Information provided →
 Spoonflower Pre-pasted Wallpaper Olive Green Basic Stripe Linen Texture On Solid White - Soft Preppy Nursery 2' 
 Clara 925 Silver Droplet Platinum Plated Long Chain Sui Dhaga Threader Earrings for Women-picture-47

* * *

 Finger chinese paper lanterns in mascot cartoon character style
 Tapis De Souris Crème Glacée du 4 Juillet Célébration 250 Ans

What the task requires → Starting with the line above that holds "Spoonflower Pre-pasted Wallpaper" and stopping with the line that holds "Clara 925 Silver", reproduce each line exactly, omitting all other lines.

Task response →
 Spoonflower Pre-pasted Wallpaper Olive Green Basic Stripe Linen Texture On Solid White - Soft Preppy Nursery 2' 
 Clara 925 Silver Droplet Platinum Plated Long Chain Sui Dhaga Threader Earrings for Women-picture-47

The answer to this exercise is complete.